迫る伸
21世紀のハレルヤ
#4
Nu Hallelujah



「いらっしゃいませ、博士」
 ドアに現れた人物を見て、食事を終えていた遼はすぐに立ち上がっていた。店の従業員として身に着いたものなのか、彼はてきぱきと茶碗を取りに動く。その他の者はただ、明るい顔をした柳生博士を注視するだけだったが、
「早かったですね、もう調査は済んだんですか?」
 と当麻が声を掛けると、彼女の上機嫌の理由も知れることとなった。
「ええ、町役場と近くの大学に人手を頼んだから、予定よりずっと早く終わってくれたわ」
「流石に人脈が広い。

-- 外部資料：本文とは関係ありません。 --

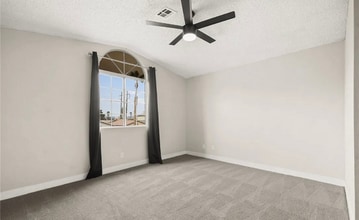 2793 Sandy Fls Wy in Las Vegas, NV - Foto de edificio - Building Photo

いや人徳か?」
 成程、町役場の協力を取り付けたなら、この手の調査は早かっただろう。本来なら警察以外が、事件に関する調査を依頼しても断られる筈だが、多少なりとも町のイメージを左右する事件であり、その住人でもある知られた研究者の依頼と言うことで、調査協力の許可が下りたようだった。
 当麻が人脈を人徳と言い換えたのは、単に社交辞令だったけれど、実際柳生博士はこの町に於いて、『変わった研究をする一方、社交的で世話好きな人』として名物博士になりつつある。住民に人徳あって当然かも知れなかった。
 そして肝心の用件、
「結果はどうでした?」
 と、皆が集まる丸テーブルの、当麻と秀の間に着いた博士に尋ねると、
「ええ。長期間お留守のお宅は見送った結果として、最後の一軒以外は誰も見覚えがない、見当も付かないって結果でした。特にお医者様は首を傾げていたわ」
 予想通りと言う明瞭な口調で、彼女はその結果を話し聞かせた。すると初めて出て来た言葉に対し、
「医者って何のことだ?」
 隣に座る秀も尋ねる。既にその隣の席に戻っていた遼も、俄な関心を持って耳を傾けていた。博士はいよいよ、と言う期待感を匂わせた動作で、『最後の一軒』の住人であるふたりの前に、例の薬瓶を取り出して見せた。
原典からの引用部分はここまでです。